WHAT IS NEEDED -> Give again, word for word, only the lines of the material below from its first line through the one that holds "thumbnail image 6"; pictures stay out.

DATA SUPPLIED ->
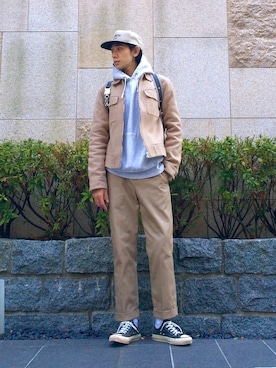 「Champion」｜「アイテム（カバーオール）」を使った、Yuriさん（メンズ・170cm）の冬コーディネート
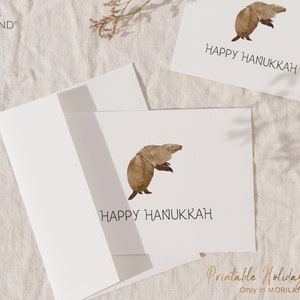 Carte imprimable Happy Hanoucca d'un tatou des Fêtes | de MORILAND®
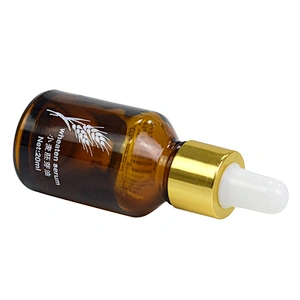wholesale 20ml glass essential oil dropper bottle personal care packaging green amber  glass slant shoulder bottle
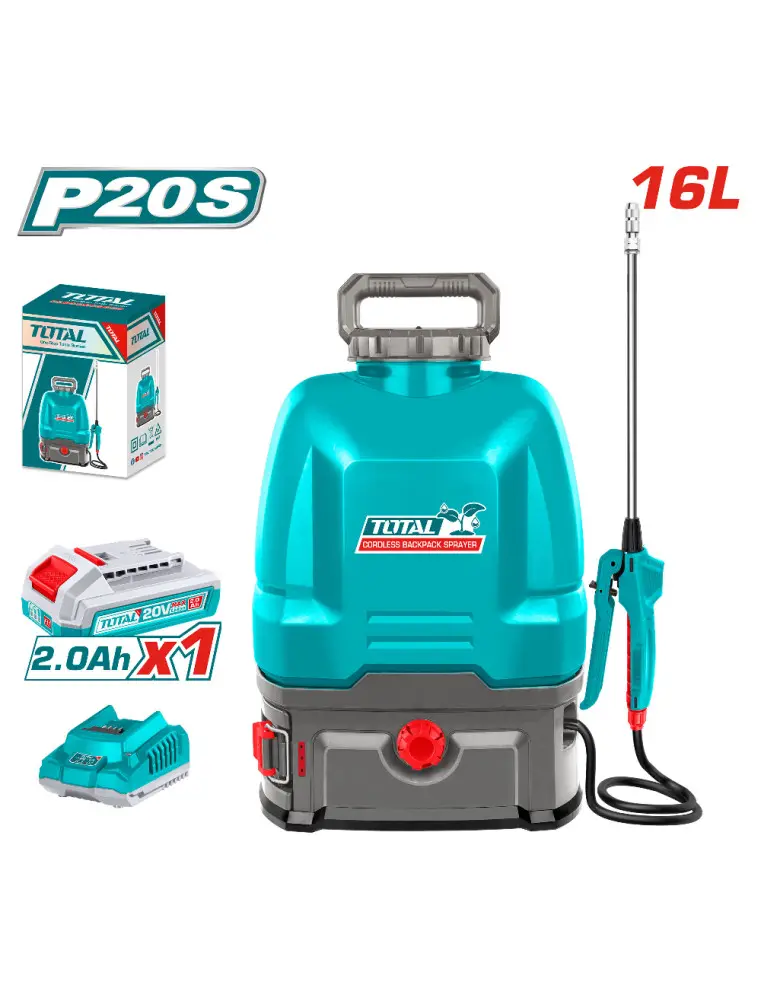 Pulvérisateur dorsal sans fil TOTAL TSPLI20162 20 V avec réservoir de 16 litres
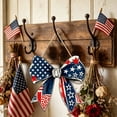 thumbnail image 6 of Solid Wood Front Door Welcome Sign Star Wreath Round Patriotic Decor for Independence Day Rustic Home Decorations Wooden Door Hanging Pendant with Rope for Wall Entryway Display, 6 of 6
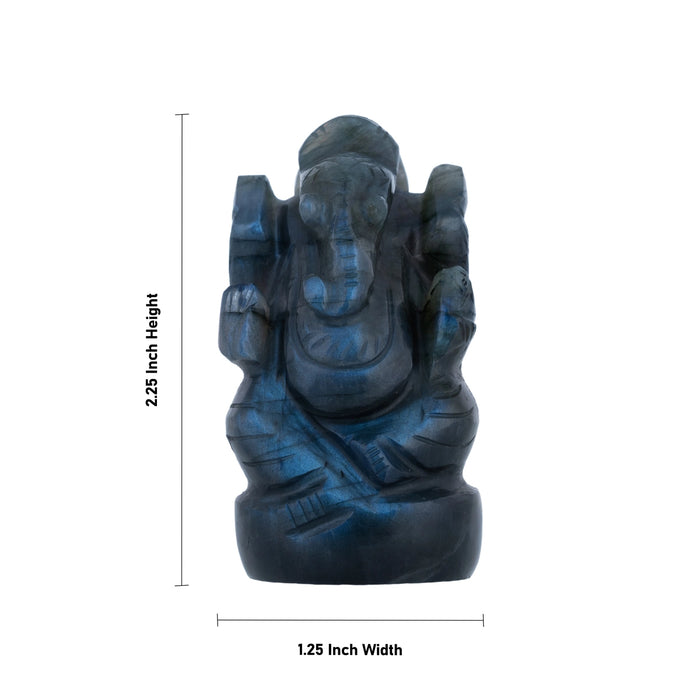 Ganesha With Right Trunk Murti - 2.25 x 1.25 Inches | Labradorite Ganpati Murti / Vinayagar Statue For Pooja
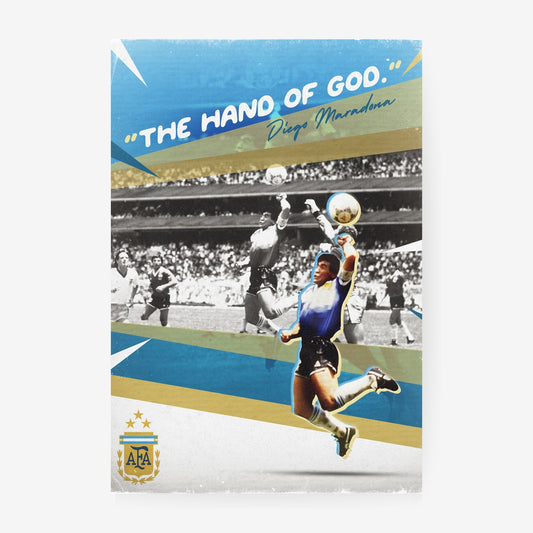 Diego Maradona Hand of God Argentina football poster featuring the iconic 1986 World Cup moment against England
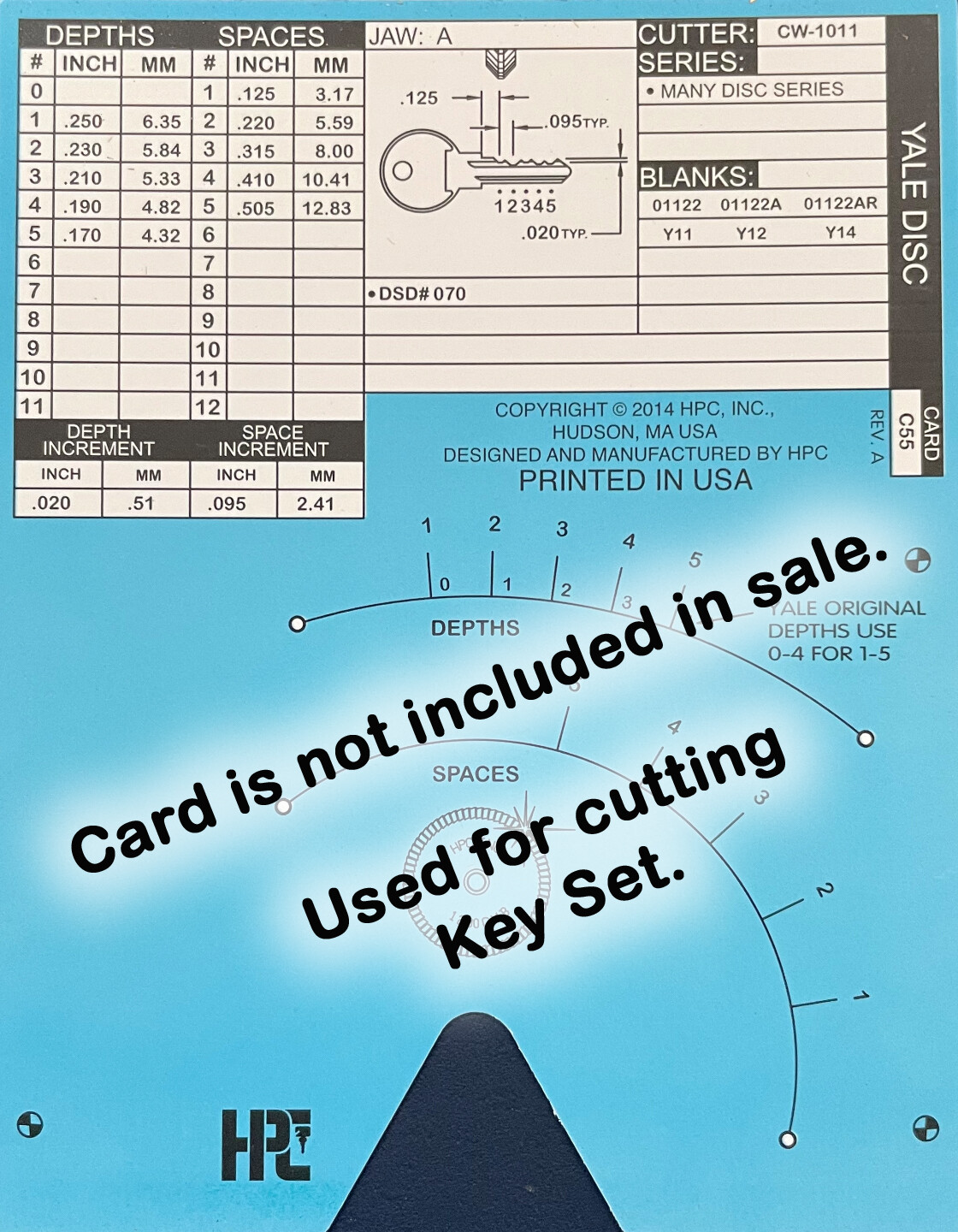 Yale Y11, Y12, Y14 Space and Depth Keys ~ DSD#070, C55 ~ FREE Shipping in USA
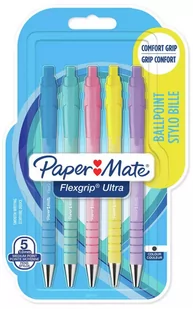 DŁUGOPIS FLEXGRIP ULTRA PSTRYK. MED. PASTEL 5SZT. WKŁAD CZARNY, PAPER MATE - Długopisy - miniaturka - grafika 1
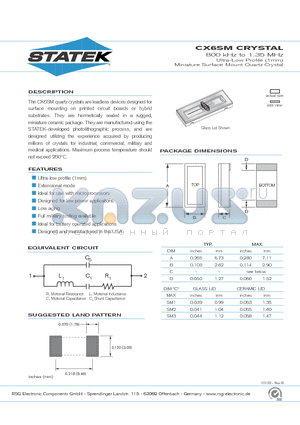 CX6SCSM2 datasheet - 800 kHz to 1.35 MHz Ultra-Low Profile (1mm)  Miniature Surface Mount Quartz Crystal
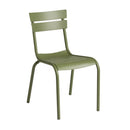 Olive green Marlow side chair by ZAP with wooden legs and modern design, shown from a side angle.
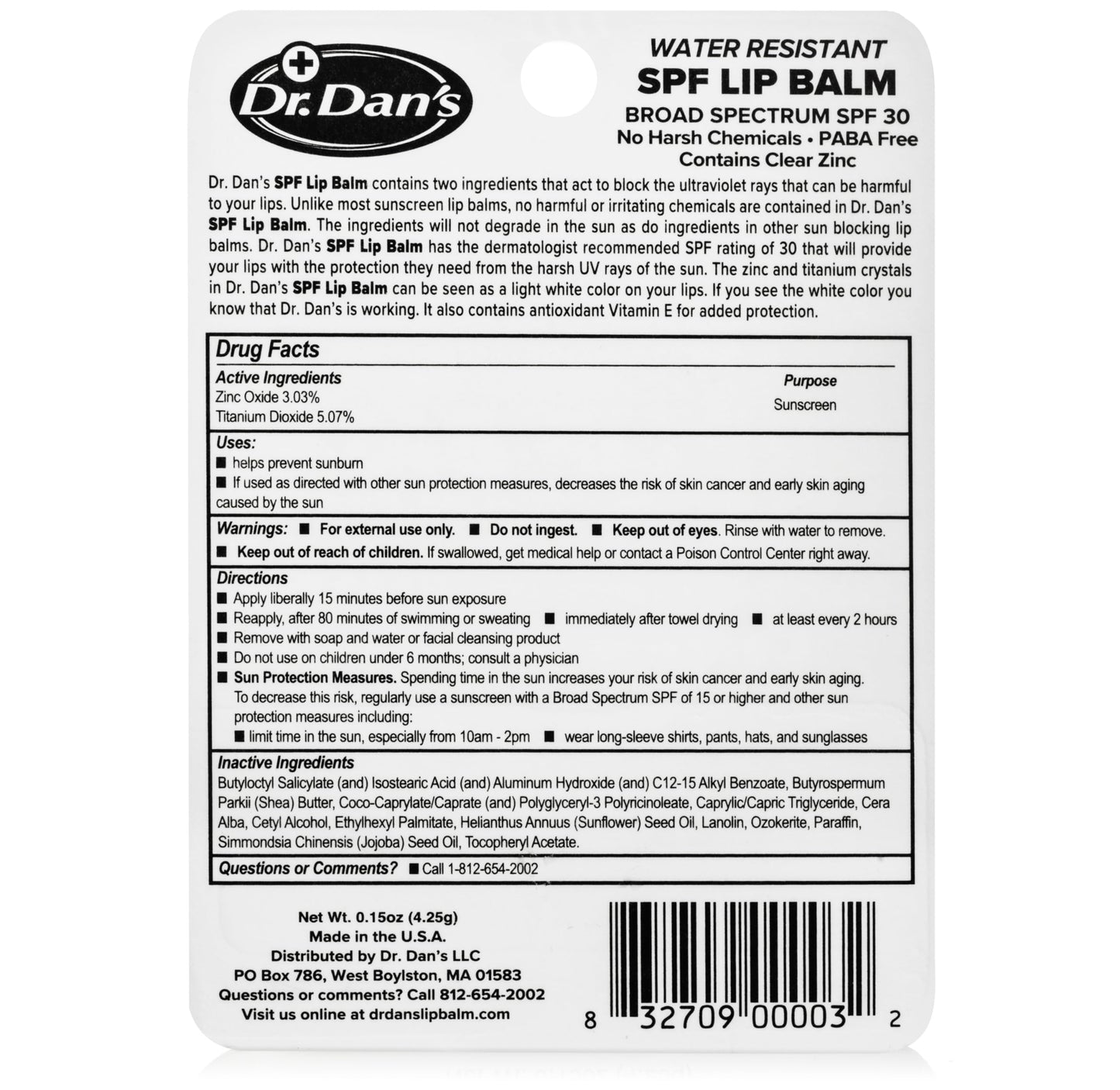 Dr. Dan's Mineral Based SPF 30 Lip Balm -1 Pack Beauty and Personal Care Dr. Dan's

ANSWER FOR THIS EXERCISE ->
 「Champion」｜「アイテム（カバーオール）」を使った、Yuriさん（メンズ・170cm）の冬コーディネート
 Carte imprimable Happy Hanoucca d'un tatou des Fêtes | de MORILAND®
wholesale 20ml glass essential oil dropper bottle personal care packaging green amber  glass slant shoulder bottle
 Pulvérisateur dorsal sans fil TOTAL TSPLI20162 20 V avec réservoir de 16 litres
 thumbnail image 6 of Solid Wood Front Door Welcome Sign Star Wreath Round Patriotic Decor for Independence Day Rustic Home Decorations Wooden Door Hanging Pendant with Rope for Wall Entryway Display, 6 of 6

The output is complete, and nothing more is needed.